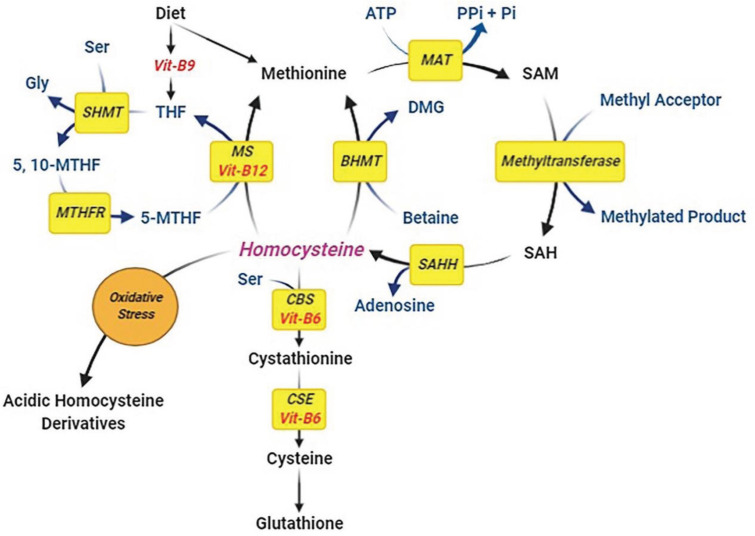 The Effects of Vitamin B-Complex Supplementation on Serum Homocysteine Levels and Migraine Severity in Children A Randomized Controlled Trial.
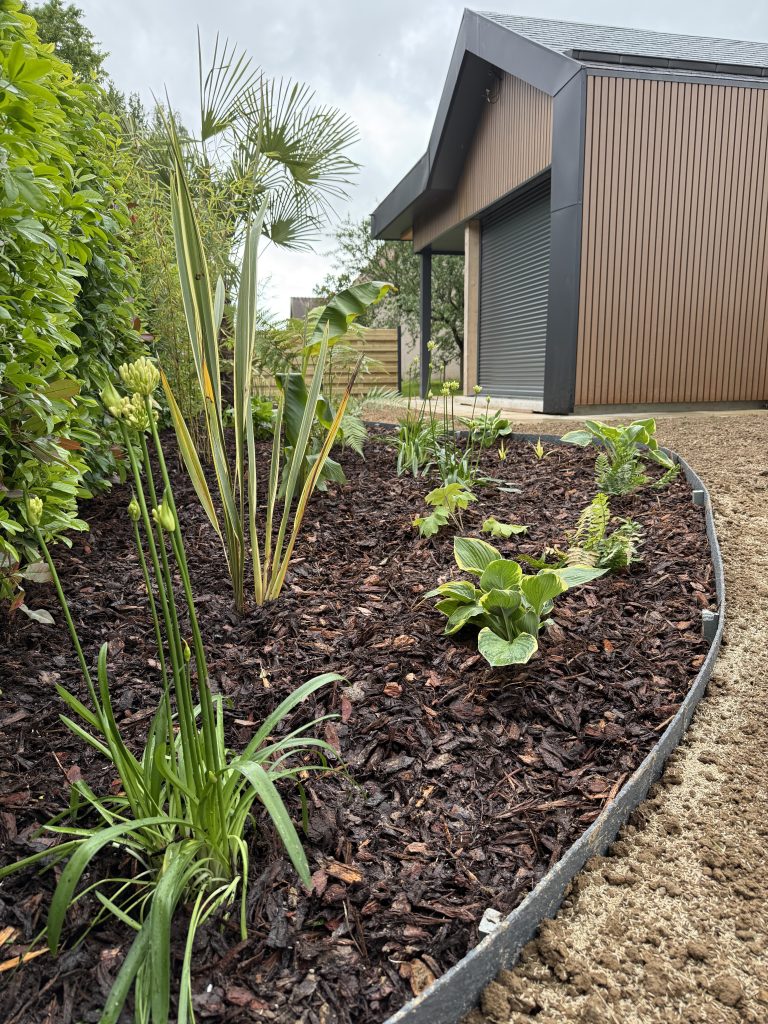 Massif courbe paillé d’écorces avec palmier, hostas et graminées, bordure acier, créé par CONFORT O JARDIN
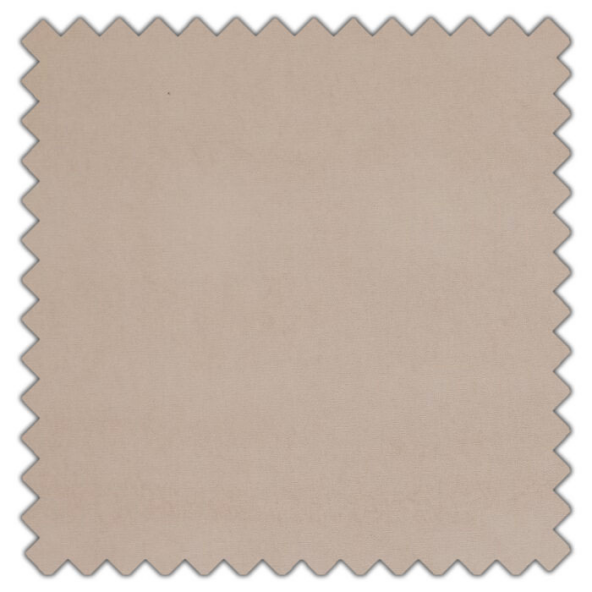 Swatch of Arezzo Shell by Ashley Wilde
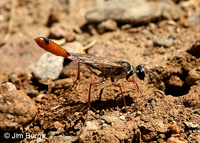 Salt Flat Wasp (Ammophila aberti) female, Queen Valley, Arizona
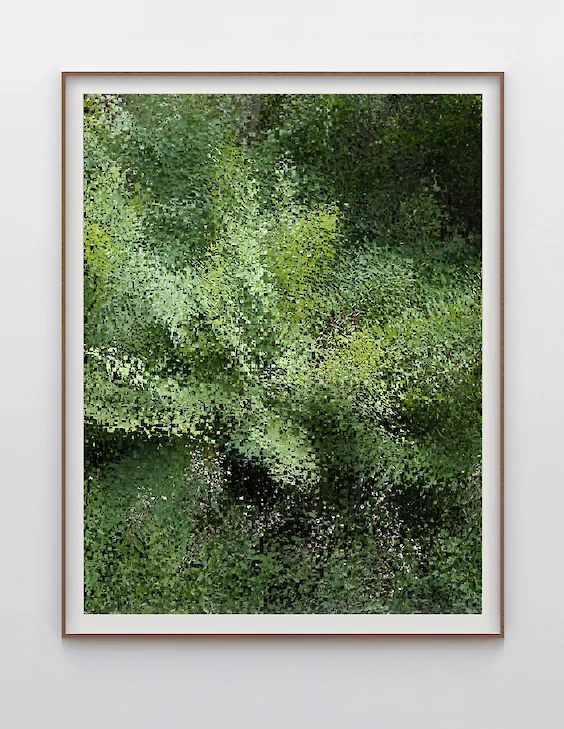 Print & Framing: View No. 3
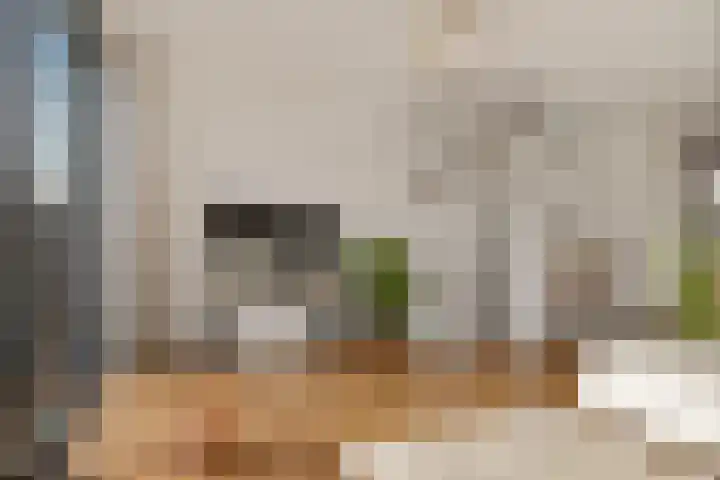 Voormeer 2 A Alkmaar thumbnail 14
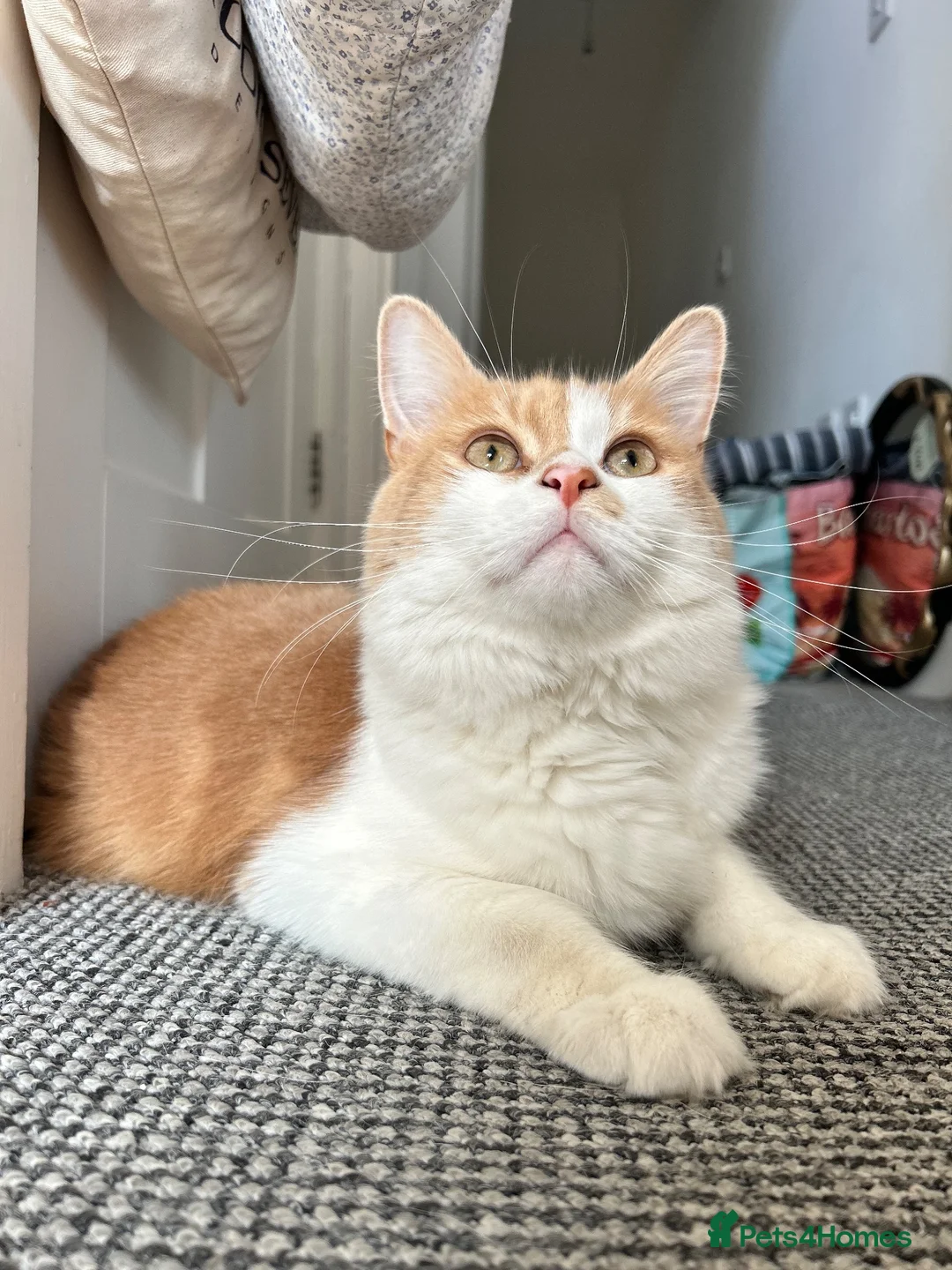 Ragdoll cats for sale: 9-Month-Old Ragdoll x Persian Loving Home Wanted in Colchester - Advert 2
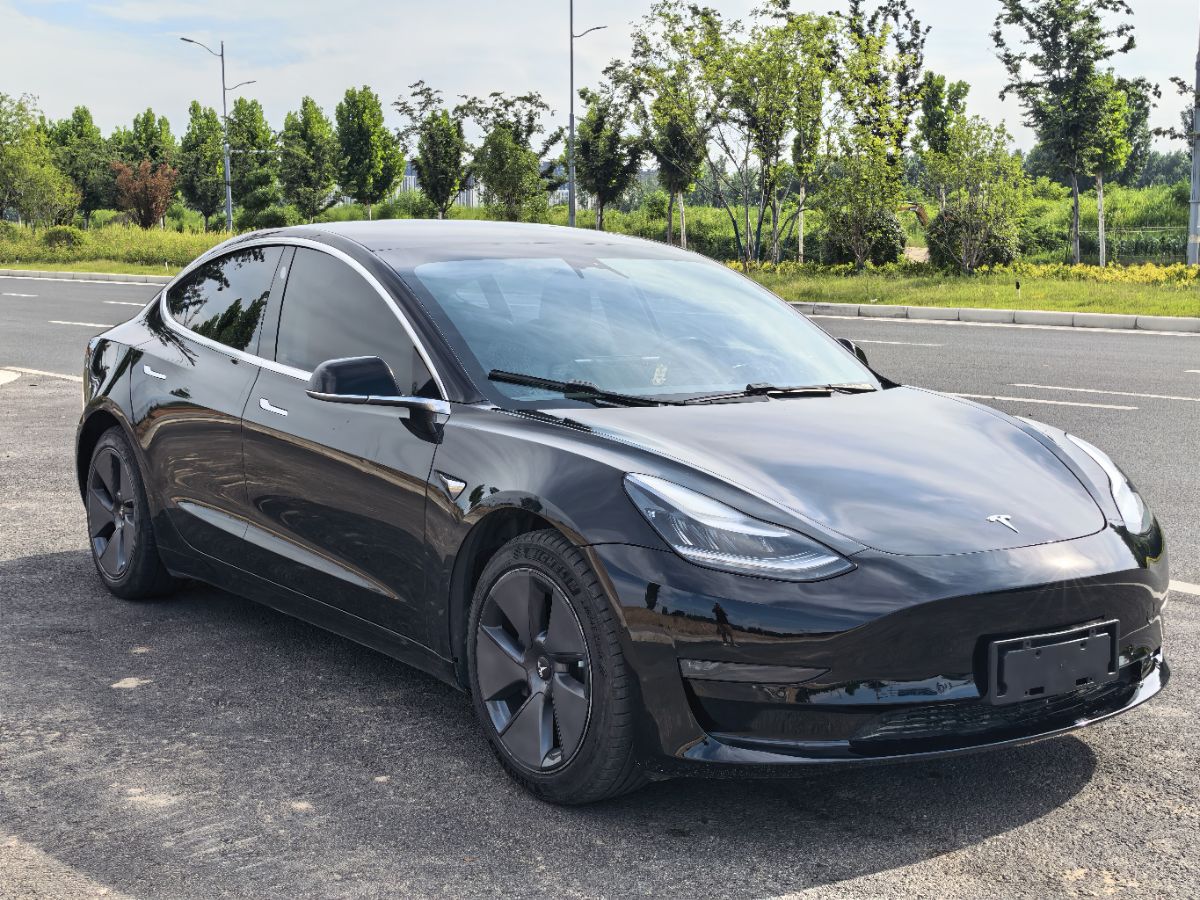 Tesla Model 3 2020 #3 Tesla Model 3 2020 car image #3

————————

■ Instructions for the task ■
Give the data above again exactly. Leave the pictures out.

■ Answer for the task ■
 The Effects of Vitamin B-Complex Supplementation on Serum Homocysteine Levels and Migraine Severity in Children A Randomized Controlled Trial.
 Massif courbe paillé d’écorces avec palmier, hostas et graminées, bordure acier, créé par CONFORT O JARDIN
 Swatch of Arezzo Shell by Ashley Wilde
 Salt Flat Wasp (Ammophila aberti) female, Queen Valley, Arizona
 Print & Framing: View No. 3
 Voormeer 2 A Alkmaar thumbnail 14
 Ragdoll cats for sale: 9-Month-Old Ragdoll x Persian Loving Home Wanted in Colchester - Advert 2
 Tesla Model 3 2020 #3 Tesla Model 3 2020 car image #3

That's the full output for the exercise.